I manage these lists from Ansible against a state file, the same pattern I use for IoT internet access. The migration changed how Traefik was addressed on the network, but I never updated the one list that another VLAN uses to recognize it.
The fix
Add the VIP to the list and redeploy:
Traefik_Nodes:
- 192.168.20.20 # Traefik VIP (Keepalived)
- 192.168.20.13 # pi3
- 192.168.20.14 # pi4
Running the Ansible firewall playbook pushed the updated list to the router. I restarted Traefik afterward to clear any backend it had already marked as down, though the firewall change is what actually fixed it. Then the same check that had been timing out came back clean:
curl -sS -o /dev/null -w '%{http_code}\n' https://nvr.example.net
# 200
Lessons learned
- A 503 from a reverse proxy is a backend-reachability problem, not a routing one.

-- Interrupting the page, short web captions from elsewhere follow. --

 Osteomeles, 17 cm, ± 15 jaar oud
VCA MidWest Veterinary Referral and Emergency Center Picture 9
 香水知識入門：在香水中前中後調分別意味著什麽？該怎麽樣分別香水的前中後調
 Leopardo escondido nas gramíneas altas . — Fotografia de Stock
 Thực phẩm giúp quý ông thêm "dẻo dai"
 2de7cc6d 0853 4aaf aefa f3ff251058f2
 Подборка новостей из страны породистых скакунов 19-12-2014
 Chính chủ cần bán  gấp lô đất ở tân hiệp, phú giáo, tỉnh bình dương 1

A 404 means no route; a 503 means the route is there and the backend won’t answer. The status code tells you which layer to open first.
- A firewall rule can be perfectly correct while the address list it points at is stale. The rule said “allow Traefik_Nodes,” which was exactly right. The list just no longer matched what Traefik had become.

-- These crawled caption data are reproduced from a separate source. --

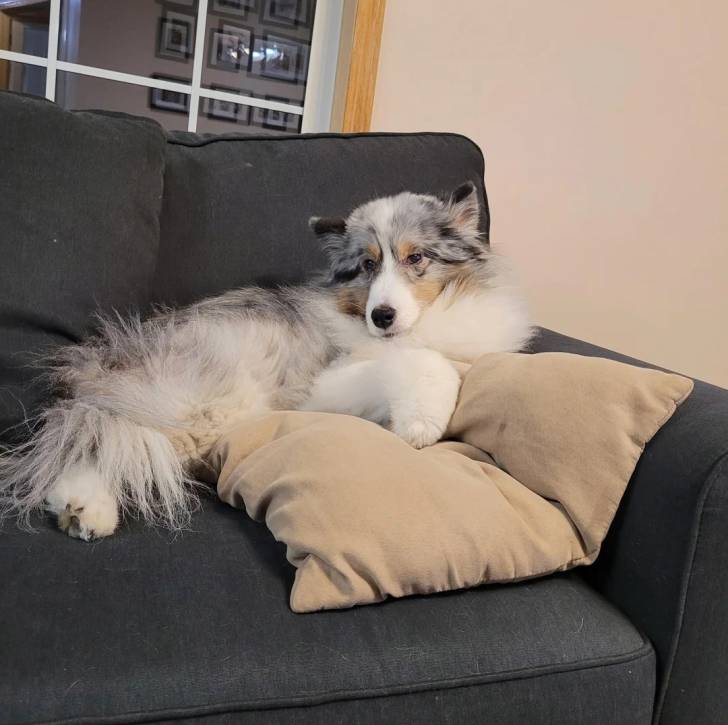 Un Pembroke Sheltie allongé sur un canapé et semblant détendu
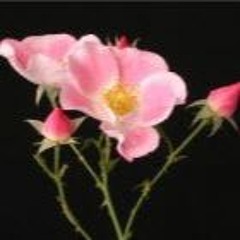 Every Flower Blooms in its own Time - June 2025
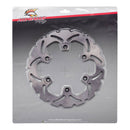 Brake Disc Rear 18-0075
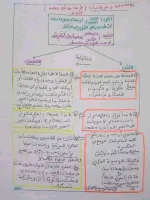 FB_IMG_1697925679807.webp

- When you change how a service is addressed on the network, a VIP, a new host, a moved container, grep every firewall rule and address list that names the old address. The thing that breaks is rarely the config you touched. It is the one in another VLAN that quietly trusted the old IP.
- Cross-VLAN dependencies are easy to forget because they live on the router, not next to the service. The Traefik migration was a Traefik change. What it broke was a firewall list describing Traefik from the camera VLAN’s point of view, and nothing tied the two together.
The network runs a MikroTik RB4011 for routing and a MikroTik CRS326 for switching. The address-list technique works on any RouterOS setup.